### [Problem]
A faithful copy of every entry, with the pictures removed, is what is needed here.

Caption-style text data
........

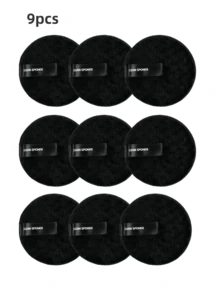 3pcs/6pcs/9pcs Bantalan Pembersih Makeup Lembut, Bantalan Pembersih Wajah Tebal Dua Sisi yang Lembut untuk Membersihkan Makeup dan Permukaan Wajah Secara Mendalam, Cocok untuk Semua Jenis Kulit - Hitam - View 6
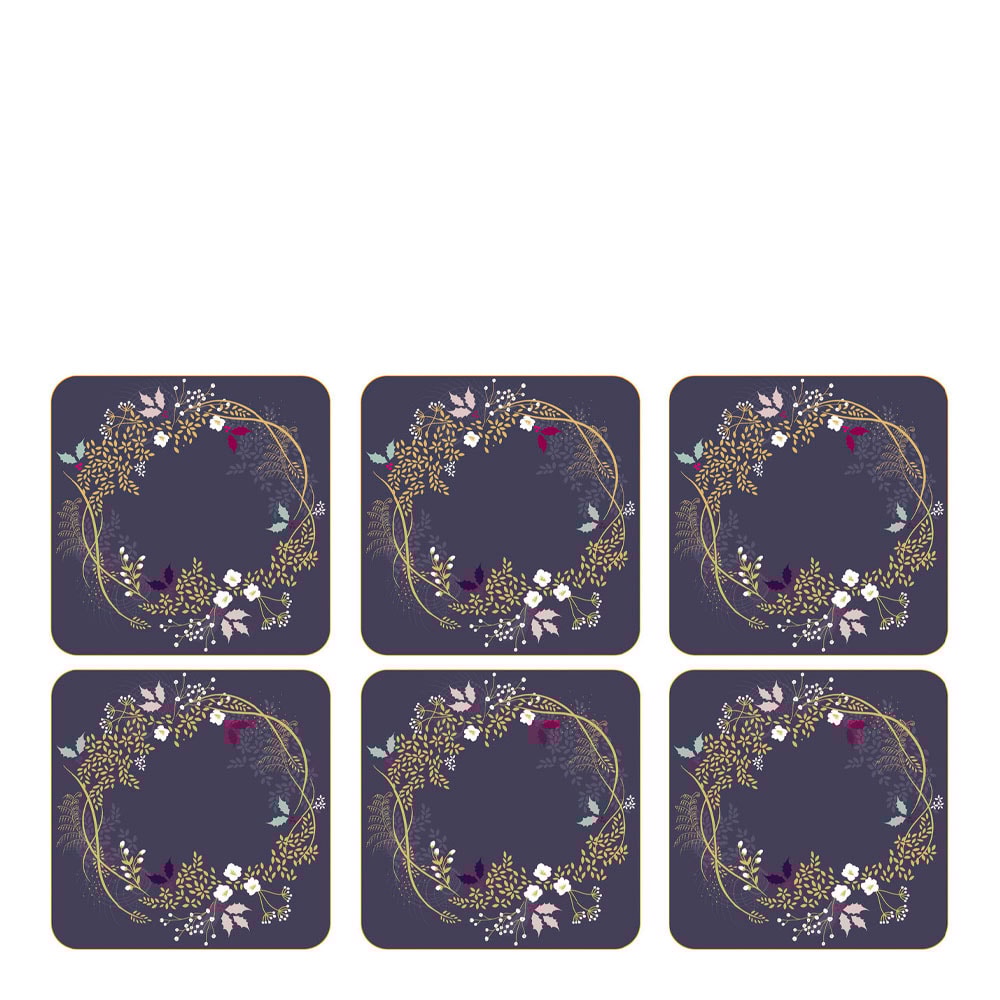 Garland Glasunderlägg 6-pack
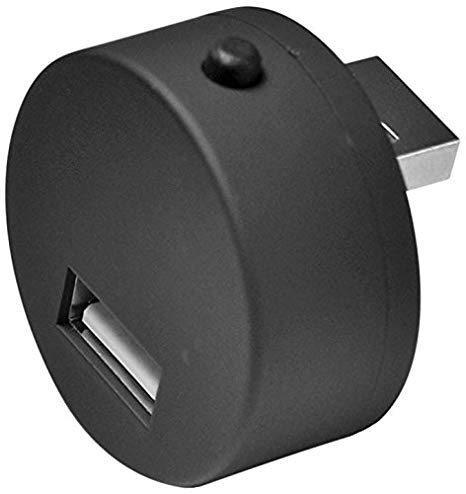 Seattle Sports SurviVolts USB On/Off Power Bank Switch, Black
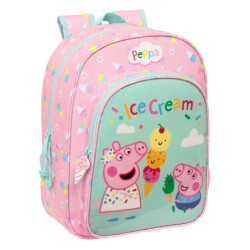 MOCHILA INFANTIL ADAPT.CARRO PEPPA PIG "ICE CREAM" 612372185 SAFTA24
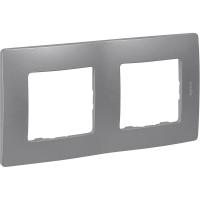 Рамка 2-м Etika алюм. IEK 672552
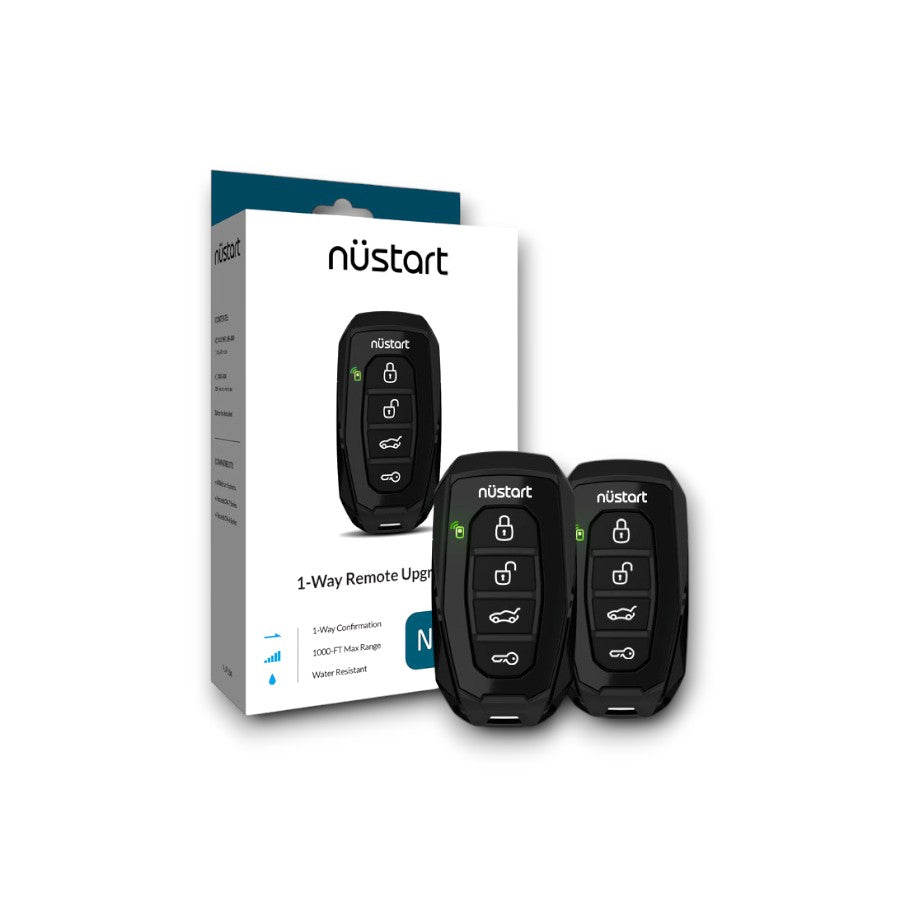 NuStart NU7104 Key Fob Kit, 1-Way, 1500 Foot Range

........

### [Answer below]
 3pcs/6pcs/9pcs Bantalan Pembersih Makeup Lembut, Bantalan Pembersih Wajah Tebal Dua Sisi yang Lembut untuk Membersihkan Makeup dan Permukaan Wajah Secara Mendalam, Cocok untuk Semua Jenis Kulit - Hitam - View 6
 Garland Glasunderlägg 6-pack
 Seattle Sports SurviVolts USB On/Off Power Bank Switch, Black
 MOCHILA INFANTIL ADAPT.CARRO PEPPA PIG "ICE CREAM" 612372185 SAFTA24
 Рамка 2-м Etika алюм. IEK 672552
 NuStart NU7104 Key Fob Kit, 1-Way, 1500 Foot Range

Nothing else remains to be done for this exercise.